During the hearing, Mr Chris Buttler, on behalf of the claimant, highlighted and emphasised numerous passages in the Government’s recent and current statutory guidance “Working Together to Safeguard Children” dated March 2013, which came into effect from 15 April 2013 and replaces earlier similar guidance. I cannot quote it at any length. Paragraph 32 stresses the need for a “holistic” and “integrated” approach. Paragraph 35 stresses that assessments by different agencies need to be “coordinated so that the child does not become lost between the different agencies involved and their different procedures.” Paragraph 61 refers to the importance of “continuity and consistency”. Paragraph 63 requires that a “local protocol” should “ensure that any specialist assessments are coordinated so that the child and family experience a joined up assessment process and a single planning process focused on outcomes.” That (relating as it does to “local protocols”) no doubt contemplates a child and family who are settled and static in a given locality and area. But the claimant and the Commission stress that the need for a “joined up assessment” and a “single planning process” applies no less (and arguably more) to a traveller family who are very legitimately on the move; and that if they do not receive one they are being treated less favourably and not receiving equal treatment by the State. So that is the case and justification for coordination by a single local authority and an “overarching framework”.
In his no less helpful statement dated 24 October 2013, Mr Charles points out some of the difficulties about that approach.

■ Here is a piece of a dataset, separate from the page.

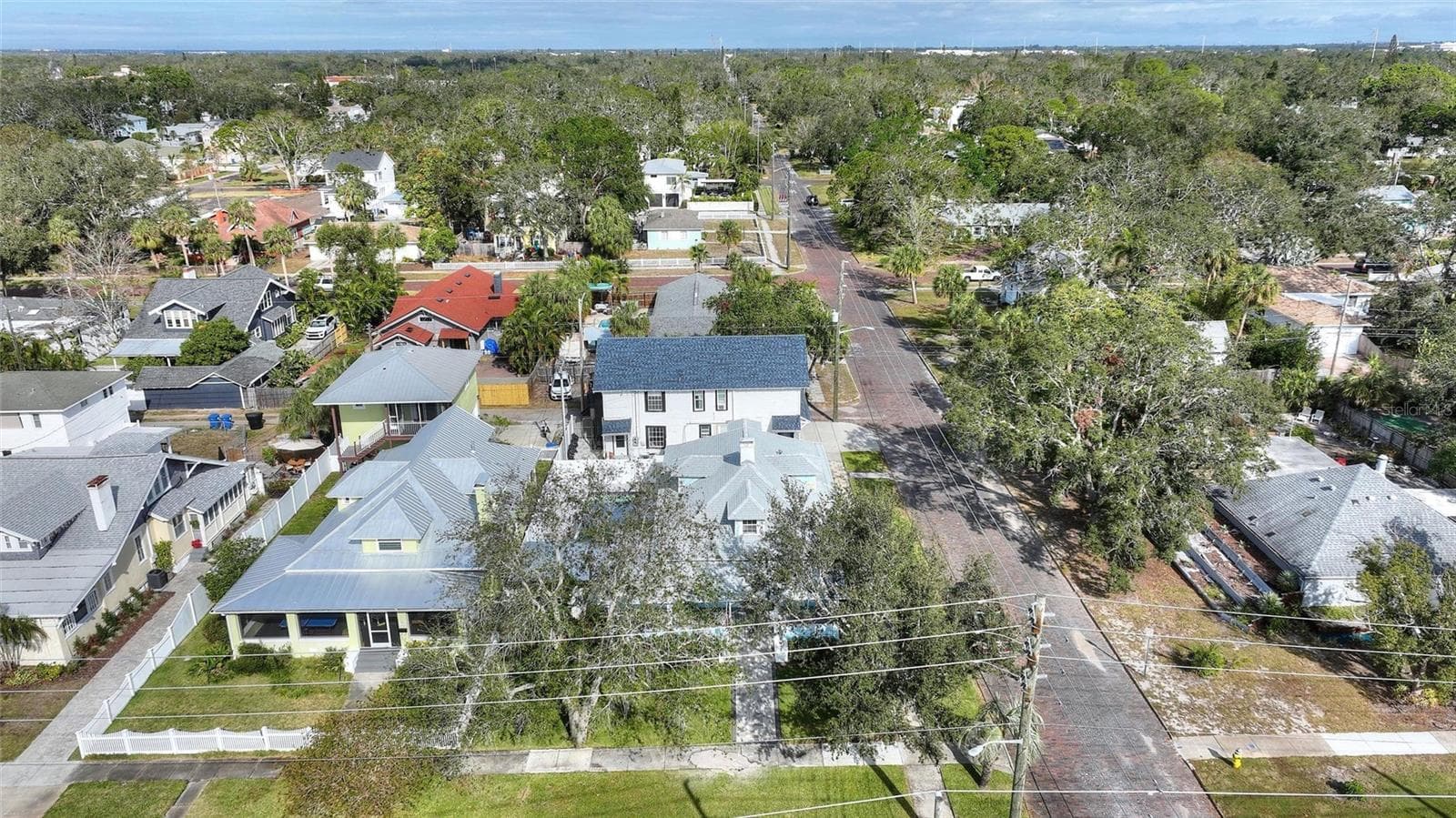 Apartment at 7401 & 1/2 1ST AVE N #UPR-A, ST PETERSBURG, photo 17 of 21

At paragraphs 23 and 25, now at bundle pages C 28 and 29 he says:
“23. If the Claimant’s suggested interpretation of section 17 Children Act 1989 is correct I am of the view that this is likely to increase the number of disputes between local authorities as to responsibility for travelling children which may well have an adverse impact on their care. On the Claimant’s interpretation of section 17, every local authority in whose area the Claimant is ever located has a continuing and concurrent power to provide services pursuant to section 17 Children Act 1989 wherever he is currently located. If a Roma/Gypsy child in need travels to a council’s area rather than immediately accepting responsibility for such a child, a council will need to consider whether the child has a “home authority” (whatever that means; it is not a term found in the Children Act 1989) who may have continuing responsibilities towards such a child. There may then be a dispute between the Council and such a “home authority” as to who should provide any services. It is possible that such a child may have more than one “home authority” or no “home authority”. This does not appear to be in the best interests of a Roma/Gypsy child in need and I do not believe it is what Parliament intended when it enacted section 17 Children Act 1989 with its emphasis on mere physical rather than, for example, ordinary or habitual residence. Contrary to what is suggested by the Claimant in his grounds I do not believe that the Claimant’s suggested interpretation of section 17 either promotes the object of the Children Act 1989 or good administration …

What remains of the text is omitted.